The emotional cost of a bad temper often charges too much from those you love most. Your spouse, children and friends receive the brunt of the cutting edge of the sword. Taking frustrations and irritability out on others jeopardizes relationships.
Losing your cool at work on a regular basis sends a bad message to your peers and to your superiors. If climbing the corporate ladder is on your agenda, displaying temper tantrums will not serve you.
Besides turning your colleagues against you, you may be overlooked for the next promotion due to lack of control.
A bad temper simply means you let others control your emotions. You put someone else in the driver’s seat of your life. Dwelling on confrontations for hours and even days takes up your valuable time. You can choose to become angry from what you perceive as a slight or you can choose to remain calm and later forget it.
How to Manage a Bad Temper
If you know you have a bad temper, there is no reason not to try to get control of it. Some tips for controlling your temper begin with recognizing triggers. What sets off a temper tirade? Pinpoint the times when you have felt out of control with anger. What was happening? Who was present?
When you feel yourself getting angrier and about to burst, take a time out. If you are at work, step out of the office for a breath of fresh air. Head to the breakroom for a cup of coffee or a glass of water. Remove yourself from the situation.
Count to ten. It sounds silly, but it actually works. By taking your mind off the situation and concentrating on counting to ten, you gain control of your overloaded emotions and give yourself time to relax.
Outside of work, exerting physical energy keeps the emotions in check. Rather than lash out at your partner or children, go for a power walk, jog or take a spin on your bike. Move out of the situation and into an acceptable way to diffuse the moment.
Begin a soothing hobby that helps you relax. Painting, sculpting, collecting stamps, listening to music, writing, or yoga require concentration, but calm the nerves.
Deep-breathing techniques may help you calm down while in the moment. Count to ten and, at the same time, fill your lungs with fresh air, slowly exhaling. Learn calming techniques and practice de-stressing.
Do not hold grudges. Once the confrontation or anger motivator ceases, let it go. Remember, no one thinks or behaves exactly like you. It is unrealistic to expect anyone to mirror you perfectly.
Diffusing a Bad Temper
What should you do when you are on the receiving end of someone’s bad temper? Staying out of the way is best, but in a work environment, that may not be possible. You cannot just avoid your spouse, either. Try a few techniques, but always keep in mind that you do not have to be subjected to a bad temper. Leave the room when a co-worker’s anger spills over and becomes rage. Calmly tell your colleague that you will be at your desk when he or she is ready to continue the discussion.
If an accusation comes with a flared temper, forget trying to defend yourself. The angry person has already made up his or her mind. No amount of correcting unfair accusations will get through during the tirade.
Do not suggest that the angry person get a grip or chill out. In fact, your best bet is to remain silent.

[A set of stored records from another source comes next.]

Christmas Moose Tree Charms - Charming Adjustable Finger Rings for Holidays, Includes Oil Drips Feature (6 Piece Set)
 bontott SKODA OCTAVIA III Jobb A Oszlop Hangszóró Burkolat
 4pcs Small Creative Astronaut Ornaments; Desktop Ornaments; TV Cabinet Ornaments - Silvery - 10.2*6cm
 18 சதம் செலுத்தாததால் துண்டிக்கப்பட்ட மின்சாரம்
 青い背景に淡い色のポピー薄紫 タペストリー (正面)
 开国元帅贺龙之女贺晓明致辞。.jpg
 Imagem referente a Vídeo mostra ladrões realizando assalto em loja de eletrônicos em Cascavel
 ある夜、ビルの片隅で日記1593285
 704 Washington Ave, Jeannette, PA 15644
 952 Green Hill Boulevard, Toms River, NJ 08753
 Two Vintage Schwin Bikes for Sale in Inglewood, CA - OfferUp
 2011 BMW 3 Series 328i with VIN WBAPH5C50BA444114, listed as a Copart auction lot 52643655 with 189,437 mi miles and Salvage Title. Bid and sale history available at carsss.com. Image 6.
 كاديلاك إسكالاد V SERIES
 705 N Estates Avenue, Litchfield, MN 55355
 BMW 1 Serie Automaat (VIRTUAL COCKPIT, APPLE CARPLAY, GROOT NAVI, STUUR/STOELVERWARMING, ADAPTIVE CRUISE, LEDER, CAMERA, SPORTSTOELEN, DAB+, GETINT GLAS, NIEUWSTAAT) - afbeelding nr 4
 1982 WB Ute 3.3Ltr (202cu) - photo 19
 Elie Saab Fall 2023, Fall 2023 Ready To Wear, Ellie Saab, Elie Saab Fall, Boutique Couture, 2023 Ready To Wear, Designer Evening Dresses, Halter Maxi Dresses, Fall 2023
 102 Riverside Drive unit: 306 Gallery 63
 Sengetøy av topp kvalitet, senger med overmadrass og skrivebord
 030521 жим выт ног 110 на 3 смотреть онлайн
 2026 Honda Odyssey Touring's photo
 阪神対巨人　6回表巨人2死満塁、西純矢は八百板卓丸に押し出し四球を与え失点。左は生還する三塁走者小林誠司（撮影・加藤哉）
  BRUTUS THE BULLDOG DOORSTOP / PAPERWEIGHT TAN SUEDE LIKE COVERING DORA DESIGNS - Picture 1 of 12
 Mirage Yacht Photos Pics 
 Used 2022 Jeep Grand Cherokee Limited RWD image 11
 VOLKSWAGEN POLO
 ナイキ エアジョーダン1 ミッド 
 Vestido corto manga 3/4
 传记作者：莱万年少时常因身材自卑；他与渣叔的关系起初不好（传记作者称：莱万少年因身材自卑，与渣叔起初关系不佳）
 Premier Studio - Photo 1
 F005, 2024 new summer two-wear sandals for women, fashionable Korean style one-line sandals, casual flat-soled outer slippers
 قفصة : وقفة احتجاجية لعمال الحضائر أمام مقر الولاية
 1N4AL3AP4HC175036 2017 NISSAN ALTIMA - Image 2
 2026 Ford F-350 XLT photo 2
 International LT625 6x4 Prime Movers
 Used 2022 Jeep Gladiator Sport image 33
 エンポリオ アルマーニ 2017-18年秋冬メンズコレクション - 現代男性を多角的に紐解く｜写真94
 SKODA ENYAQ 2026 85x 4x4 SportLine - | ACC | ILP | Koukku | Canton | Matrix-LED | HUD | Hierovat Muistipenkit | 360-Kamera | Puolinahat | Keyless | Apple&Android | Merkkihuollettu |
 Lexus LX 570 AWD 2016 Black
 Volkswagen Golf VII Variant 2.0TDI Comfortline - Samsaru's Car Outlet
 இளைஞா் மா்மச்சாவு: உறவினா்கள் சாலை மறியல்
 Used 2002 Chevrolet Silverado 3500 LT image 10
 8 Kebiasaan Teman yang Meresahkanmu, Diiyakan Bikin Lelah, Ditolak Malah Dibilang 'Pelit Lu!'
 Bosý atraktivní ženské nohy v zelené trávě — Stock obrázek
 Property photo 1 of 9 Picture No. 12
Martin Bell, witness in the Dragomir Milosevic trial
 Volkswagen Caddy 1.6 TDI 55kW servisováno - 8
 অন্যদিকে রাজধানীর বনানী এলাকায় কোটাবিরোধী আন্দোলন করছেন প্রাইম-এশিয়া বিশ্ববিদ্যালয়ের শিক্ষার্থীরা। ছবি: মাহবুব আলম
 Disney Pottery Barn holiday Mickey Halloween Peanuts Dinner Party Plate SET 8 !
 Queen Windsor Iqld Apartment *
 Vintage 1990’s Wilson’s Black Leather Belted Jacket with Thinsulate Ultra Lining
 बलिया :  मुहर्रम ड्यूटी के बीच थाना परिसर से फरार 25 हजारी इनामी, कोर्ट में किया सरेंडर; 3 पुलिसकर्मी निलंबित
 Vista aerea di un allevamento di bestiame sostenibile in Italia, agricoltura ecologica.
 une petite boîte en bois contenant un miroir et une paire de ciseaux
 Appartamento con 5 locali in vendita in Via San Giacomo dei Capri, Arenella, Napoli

Do not argue; do not hurl back names or accusations. Do not allow the temper-tantrum- throwing adult to pull you into the drama. If you possess a quick wit, try using humor to deflate the hot-air balloon that is about to burst.
If you have a bad temper, learn how to deal with it. If you know someone who flies into rages at the drop of a hat, learn how to deflate the storm. Everyone gets angry at times, but not everyone allows it to escalate into out-of-control temper tantrums. Learn how to deal with anger. Get rid of bad feelings by talking it out with a close friend or your spouse. Harboring ill will hurts you more than it does the person it is aimed at. If, after trying various ways to control bad temper days, you just cannot stop losing your cool, it is time to seek professional counseling. Learning to live a happy life free of grudges and anger gives you the opportunity to get your life back under control.